Right. The tick can see either the lazy resched bit "ignored" or some
magic "RCU needs a quiescent state" and force a reschedule.

> 	Plus...
>
> 3.	For nohz_full CPUs that run for a long time in the kernel,
> 	there are no scheduling-clock interrupts.  RCU reaches for
> 	the resched_cpu() hammer a few jiffies into the grace period.
> 	And it sets the ->rcu_urgent_qs flag so that the holdout CPU's
> 	interrupt-entry code will re-enable its scheduling-clock interrupt
> 	upon receiving the resched_cpu() IPI.

You can spare the IPI by setting NEED_RESCHED on the remote CPU which
will cause it to preempt.

> 	So nohz_full CPUs should be OK as far as RCU is concerned.
> 	Other subsystems might have other opinions.
>
> 4.	As another optimization, kvfree_rcu() could unconditionally
> 	check preempt_count() to sense a clean environment suitable for
> 	memory allocation.

Correct. All the limitations of preempt count being useless are gone.
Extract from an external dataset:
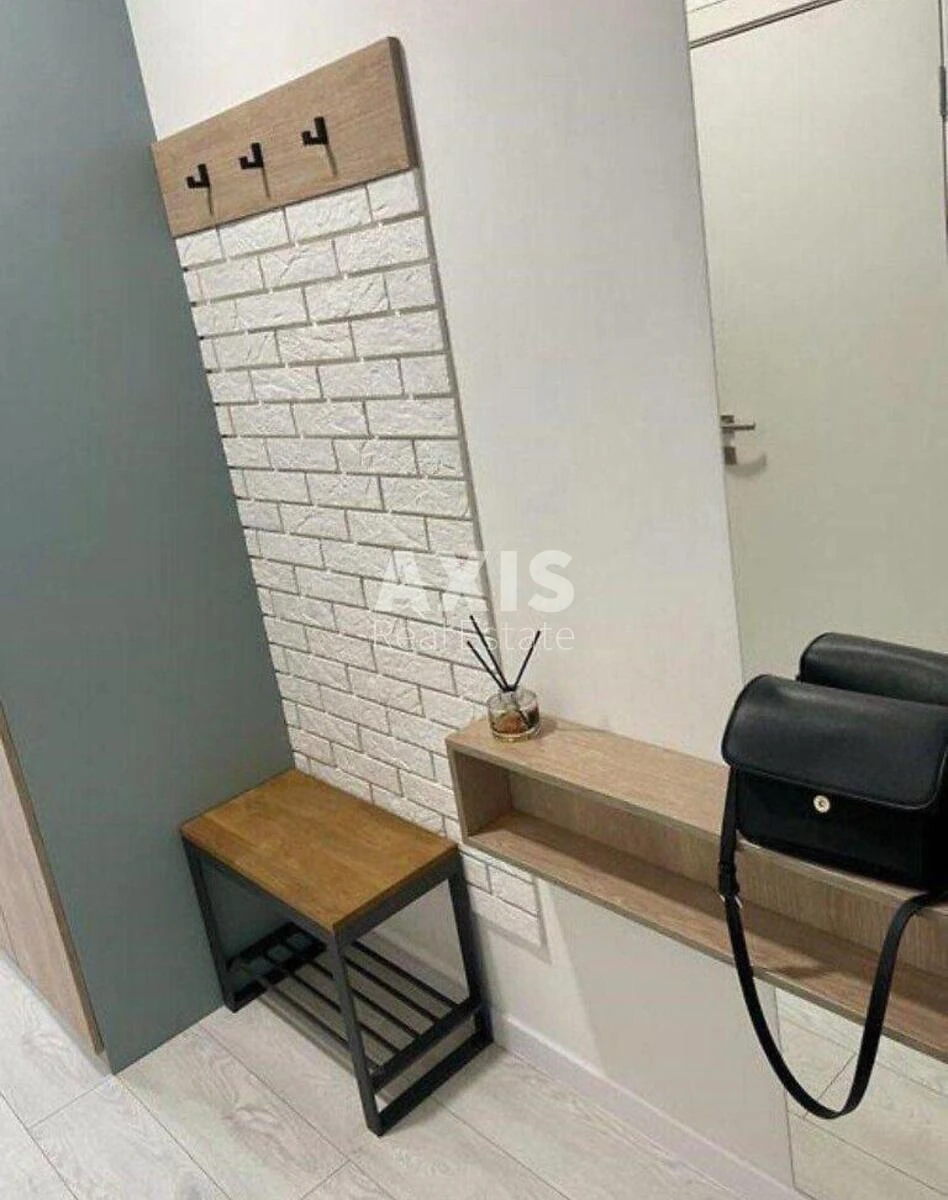 1k apartment vul. Central'na 19663243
> 5.	Kconfig files with "select TASKS_RCU if PREEMPTION" must
> 	instead say "select TASKS_RCU".  This means that the #else
> 	in include/linux/rcupdate.h that defines TASKS_RCU in terms of
> 	vanilla RCU must go.  There might be be some fallout if something
> 	fails to select TASKS_RCU, builds only with CONFIG_PREEMPT_NONE=y,
> 	and expects call_rcu_tasks(), synchronize_rcu_tasks(), or
> 	rcu_tasks_classic_qs() do do something useful.
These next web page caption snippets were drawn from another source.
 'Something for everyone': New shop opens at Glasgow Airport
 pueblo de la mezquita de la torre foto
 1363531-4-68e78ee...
In the end there is no CONFIG_PREEMPT_XXX anymore. The only knob
remaining would be CONFIG_PREEMPT_RT, which should be renamed to
CONFIG_RT or such as it does not really change the preemption
model itself. RT just reduces the preemption disabled sections with the
lock conversions, forced interrupt threading and some more.

> 6.	You might think that RCU Tasks (as opposed to RCU Tasks Trace
> 	or RCU Tasks Rude) would need those pesky cond_resched() calls
> 	to stick around.  The reason is that RCU Tasks readers are ended
> 	only by voluntary context switches.  This means that although a
> 	preemptible infinite loop in the kernel won't inconvenience a
> 	real-time task (nor an non-real-time task for all that long),
> 	and won't delay grace periods for the other flavors of RCU,
> 	it would indefinitely delay an RCU Tasks grace period.
>
> 	However, RCU Tasks grace periods seem to be finite in preemptible
> 	kernels today, so they should remain finite in limited-preemptible
> 	kernels tomorrow.  Famous last words...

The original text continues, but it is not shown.